Forty years ago, for instance, a conviction for possession of marijuana was often a felony, and grounds for disbarment. Today, simple possession of pot is a misdemeanor of little note or consequence. Conversely, drunken driving in the era of the three-martini lunch was largely overlooked. Today, DUI may or may not be an act of moral turpitude that results in disbarment. (In re Kelley, 52 Cal. 3d 487 (1990).)
Over the years, prosecutors at the State Bar have interpreted moral turpitude by applying U.S. Supreme Court Justice Potter Stewart's definition of obscenity: They know it when they see it. (See Jacobellis v. Ohio, 378 U.S. 184, 197 (1964) (Stewart, J. concurring).)

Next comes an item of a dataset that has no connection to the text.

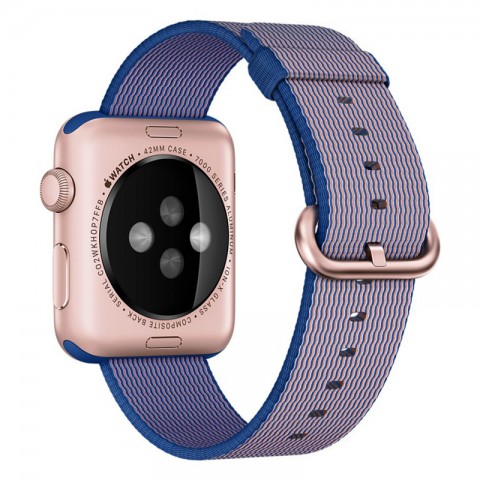Ремешок из плетёного нейлона 42/44мм для Apple Watch, синий/розовый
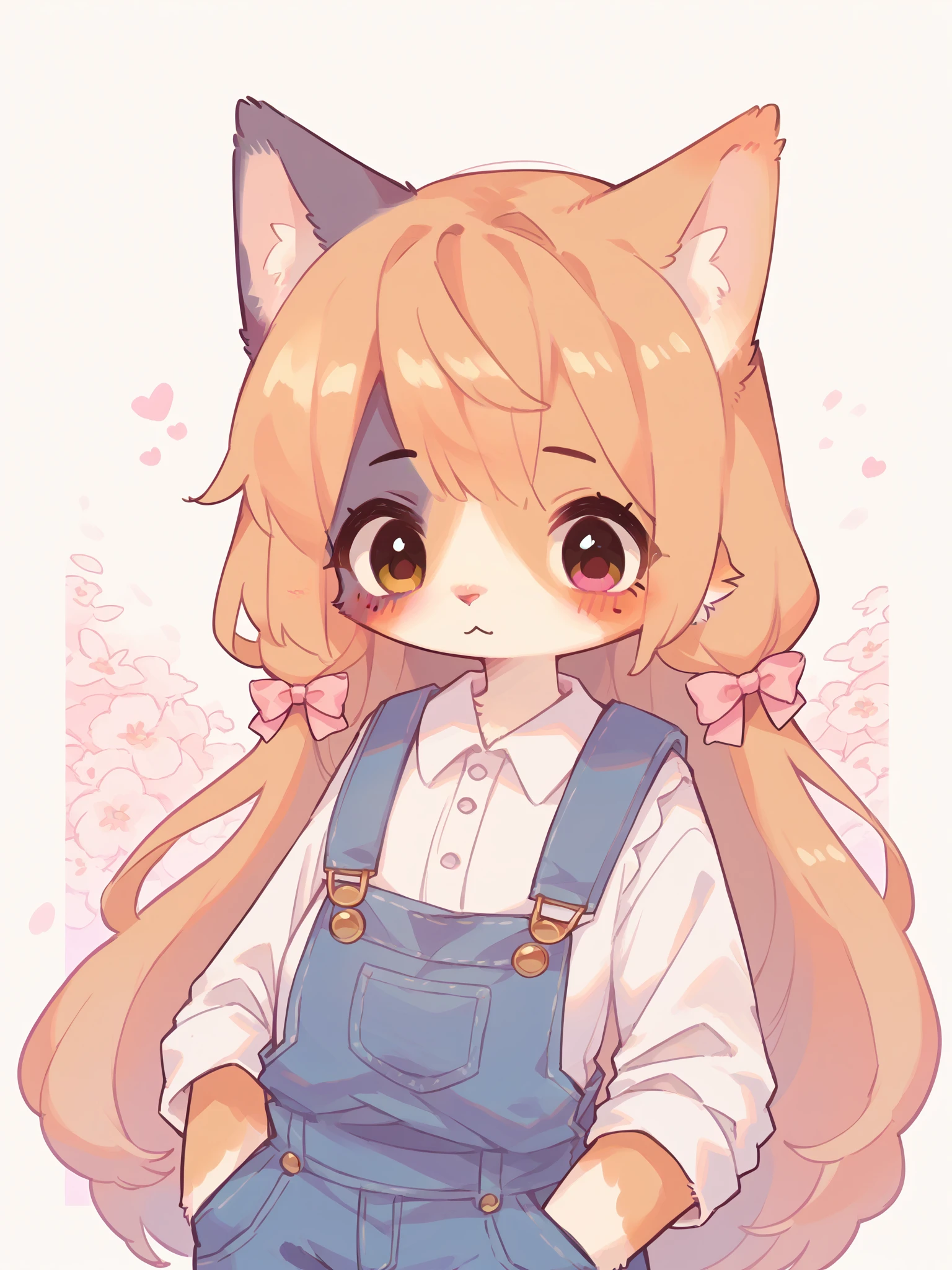 score_9, score_8_up, score_7_up, score_6_up, score_5_up, score_4_up, source_furry, source_anime, rating_safe, embedding:zPDXL2,
furry, kemono, 1girl, calico cat, bust, overalls, bows, long hair,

In his brief to the state Supreme Court seeking reinstatement of Grant's disbarment, State Bar trial counsel Mark Torres-Gil acknowledged the "somewhat wooly and unwieldy nature of the moral turpitude definition." But he maintained that it "enables us to identify those attorneys who are unfit to practice law, so that discipline can be imposed to protect the public, bench and bar from future misconduct." (In re Mostman, 47 Cal. 3d 725, 736 (1989).)
During Grant's trial, prosecutor Warren had told the State Bar Court, "Child pornography laws are really less about the pornography, in the commonly understood sense of, you know, naughty postcards depicting adults cavorting, than [they are] about the sexual predation on and sexual abuse of children." Possession of pornographic images of minors, she argued, "supports an evil industry that's based on the sexual abuse and exploitation of children."
According to Torres-Gil's brief, consumers of child pornography are "indistinguishable" from those who produce it. Consumers and producers of child pornography, he argued, "are part and parcel of a continuum of criminal behavior, and synergistically connected in their mutual aim to economically sustain a commercial industry aimed at the sexual manipulation and exploitation of current and future generations of children."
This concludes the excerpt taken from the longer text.